Do we do any effort *now* try to to not make that situation worse? This
just being one example.

> I don't see the buffer_head connection;

I haven't reviewed yet Hannes' patches yet but I was wondering if for bf
there was also a loop to target a high order and retry until you get the
min order allowed.

> shmem is
> an extremely special case, and we shouldn't mess around with other
> filesystems to avoid changing shmem.
>
> Ideally, we'd reunify (parts of) shmem and the regular page cache, but
> that's a lot of work, probably involving the swap layer changing.

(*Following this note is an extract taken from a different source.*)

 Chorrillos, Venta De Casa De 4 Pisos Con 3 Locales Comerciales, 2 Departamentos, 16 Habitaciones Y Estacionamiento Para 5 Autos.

Well so indeed swap effort will be next, so addressing if we should
not make the situation worse as we add more code would be good to know.

Luis

2023-09-19 00:22:17

by Luis Chamberlain

[permalink] [raw]
Subject: Re: [PATCH 1/6] filemap: make the folio order calculation shareable

On Fri, Sep 15, 2023 at 02:40:07PM +0100, Matthew Wilcox wrote:
> On Fri, Sep 15, 2023 at 09:51:23AM +0000, Daniel Gomez wrote:
> > To make the code that clamps the folio order in the __filemap_get_folio
> > routine reusable to others, move and merge it to the fgf_set_order
> > new subroutine (mapping_size_order), so when mapping the size at a
> > given index, the order calculated is already valid and ready to be
> > used when order is retrieved from fgp_flags with FGF_GET_ORDER.
> >
> > Signed-off-by: Daniel Gomez <[email protected]>
> > ---
> > fs/iomap/buffered-io.c | 6 ++++--
> > include/linux/pagemap.h | 42 ++++++++++++++++++++++++++++++++++++-----
> > mm/filemap.c | 8 --------
> > 3 files changed, 41 insertions(+), 15 deletions(-)
>
> That seems like a lot of extra code to add in order to avoid copying
> six lines of code and one comment into the shmem code.
>
> It's not wrong, but it seems like a bad tradeoff to me.

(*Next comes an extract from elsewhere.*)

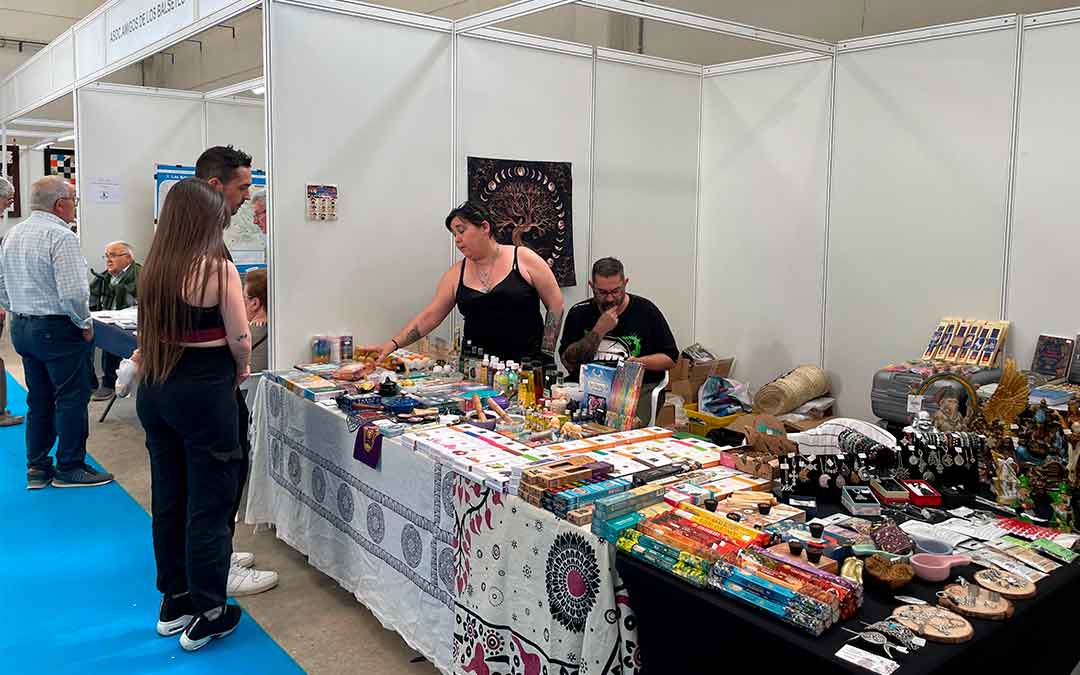 Stands de artesanía./ S.F.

The suggestion to merge came from me, mostly based on later observations
that in the future we may want to extend this with a min order to ensure
the index is aligned the the order. This check would only be useful for
buffred IO for iomap, readahead. It has me wondering if buffer-heads
support for large order folios come around would we a similar check
there?

So Willy, you would know better if and when a shared piece of code would
be best with all these things in mind.

Luis

2023-09-19 05:58:39

by Matthew Wilcox

[permalink] [raw]
Subject: Re: [PATCH 1/6] filemap: make the folio order calculation shareable

On Mon, Sep 18, 2023 at 11:09:00AM -0700, Luis Chamberlain wrote:
> On Fri, Sep 15, 2023 at 02:40:07PM +0100, Matthew Wilcox wrote:
> > On Fri, Sep 15, 2023 at 09:51:23AM +0000, Daniel Gomez wrote:
> > > To make the code that clamps the folio order in the __filemap_get_folio
> > > routine reusable to others, move and merge it to the fgf_set_order
> > > new subroutine (mapping_size_order), so when mapping the size at a
> > > given index, the order calculated is already valid and ready to be
> > > used when order is retrieved from fgp_flags with FGF_GET_ORDER.
> > >
> > > Signed-off-by: Daniel Gomez <[email protected]>
> > > ---
> > > fs/iomap/buffered-io.c | 6 ++++--
> > > include/linux/pagemap.h | 42 ++++++++++++++++++++++++++++++++++++-----
> > > mm/filemap.c | 8 --------
> > > 3 files changed, 41 insertions(+), 15 deletions(-)
> >
> > That seems like a lot of extra code to add in order to avoid copying
> > six lines of code and one comment into the shmem code.
> >
> > It's not wrong, but it seems like a bad tradeoff to me.
>
> The suggestion to merge came from me, mostly based on later observations
> that in the future we may want to extend this with a min order to ensure
> the index is aligned the the order. This check would only be useful for
> buffred IO for iomap, readahead. It has me wondering if buffer-heads
> support for large order folios come around would we a similar check
> there?
>
> So Willy, you would know better if and when a shared piece of code would
> be best with all these things in mind.

In my mind, this is fundamentally code which belongs in the page cache
rather than in individual filesystems. The fly in the ointment is that
shmem has forked the page cache in order to do its own slightly
specialised thing. I don't see the buffer_head connection; shmem is
an extremely special case, and we shouldn't mess around with other
filesystems to avoid changing shmem.

Ideally, we'd reunify (parts of) shmem and the regular page cache, but
that's a lot of work, probably involving the swap layer changing.